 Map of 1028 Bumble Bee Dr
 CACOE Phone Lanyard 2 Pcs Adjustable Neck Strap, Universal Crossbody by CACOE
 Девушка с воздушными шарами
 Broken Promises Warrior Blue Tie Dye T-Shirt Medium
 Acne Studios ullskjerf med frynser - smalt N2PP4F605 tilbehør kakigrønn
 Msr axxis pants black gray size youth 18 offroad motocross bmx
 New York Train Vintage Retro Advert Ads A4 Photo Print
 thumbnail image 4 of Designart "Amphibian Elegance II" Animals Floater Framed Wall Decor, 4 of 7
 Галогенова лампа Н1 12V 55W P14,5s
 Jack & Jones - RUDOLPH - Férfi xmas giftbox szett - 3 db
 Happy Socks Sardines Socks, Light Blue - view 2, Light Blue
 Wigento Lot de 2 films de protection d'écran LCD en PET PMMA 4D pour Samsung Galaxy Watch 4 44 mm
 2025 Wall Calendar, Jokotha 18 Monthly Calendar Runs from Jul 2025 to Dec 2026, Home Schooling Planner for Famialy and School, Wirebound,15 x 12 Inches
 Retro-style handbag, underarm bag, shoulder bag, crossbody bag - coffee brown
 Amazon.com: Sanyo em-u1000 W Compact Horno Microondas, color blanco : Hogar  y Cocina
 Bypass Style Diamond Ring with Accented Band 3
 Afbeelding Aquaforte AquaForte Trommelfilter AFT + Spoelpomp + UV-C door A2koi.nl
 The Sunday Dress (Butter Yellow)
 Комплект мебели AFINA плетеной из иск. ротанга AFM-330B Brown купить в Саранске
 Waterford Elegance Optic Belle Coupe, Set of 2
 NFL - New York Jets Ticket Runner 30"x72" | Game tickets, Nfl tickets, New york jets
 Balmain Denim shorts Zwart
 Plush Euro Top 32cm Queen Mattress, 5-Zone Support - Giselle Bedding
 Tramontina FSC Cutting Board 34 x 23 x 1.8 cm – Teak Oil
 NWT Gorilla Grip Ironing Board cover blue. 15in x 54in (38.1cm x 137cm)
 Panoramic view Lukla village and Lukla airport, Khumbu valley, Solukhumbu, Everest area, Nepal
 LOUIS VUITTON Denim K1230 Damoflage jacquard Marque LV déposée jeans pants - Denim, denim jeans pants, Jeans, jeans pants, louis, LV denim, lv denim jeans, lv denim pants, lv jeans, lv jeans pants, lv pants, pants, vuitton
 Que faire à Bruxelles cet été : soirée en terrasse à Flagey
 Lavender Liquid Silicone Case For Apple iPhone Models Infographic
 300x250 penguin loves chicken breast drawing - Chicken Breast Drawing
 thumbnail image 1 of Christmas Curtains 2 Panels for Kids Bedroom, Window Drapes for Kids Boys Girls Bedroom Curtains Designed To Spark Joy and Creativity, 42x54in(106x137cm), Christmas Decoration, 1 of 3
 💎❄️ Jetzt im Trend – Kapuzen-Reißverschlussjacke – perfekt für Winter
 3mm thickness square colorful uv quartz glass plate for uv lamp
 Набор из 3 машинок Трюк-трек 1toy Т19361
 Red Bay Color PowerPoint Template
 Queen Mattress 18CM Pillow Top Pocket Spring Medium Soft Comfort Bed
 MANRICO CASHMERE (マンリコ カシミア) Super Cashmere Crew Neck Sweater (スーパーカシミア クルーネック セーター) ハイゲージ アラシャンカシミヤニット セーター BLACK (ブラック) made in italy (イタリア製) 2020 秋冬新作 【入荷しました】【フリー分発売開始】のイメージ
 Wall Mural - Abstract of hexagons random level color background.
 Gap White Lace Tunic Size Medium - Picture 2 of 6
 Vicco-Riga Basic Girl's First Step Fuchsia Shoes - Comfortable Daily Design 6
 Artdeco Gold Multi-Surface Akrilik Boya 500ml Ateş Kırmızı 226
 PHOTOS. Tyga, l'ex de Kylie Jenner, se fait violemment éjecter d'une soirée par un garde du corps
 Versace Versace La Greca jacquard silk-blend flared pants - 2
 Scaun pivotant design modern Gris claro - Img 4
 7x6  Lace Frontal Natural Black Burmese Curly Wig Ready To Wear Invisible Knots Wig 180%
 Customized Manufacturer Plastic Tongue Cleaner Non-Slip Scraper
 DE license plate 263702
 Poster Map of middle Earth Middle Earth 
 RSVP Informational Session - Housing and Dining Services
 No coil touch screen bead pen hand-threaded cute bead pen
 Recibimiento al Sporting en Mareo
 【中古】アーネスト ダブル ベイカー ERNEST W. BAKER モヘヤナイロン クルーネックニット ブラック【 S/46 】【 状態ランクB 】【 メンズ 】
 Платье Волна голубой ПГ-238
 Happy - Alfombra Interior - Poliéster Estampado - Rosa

--------

YOUR GOAL:
Your reply should consist of one number: how many lines in the entries contain the string "view".

WRITTEN ANSWER:
2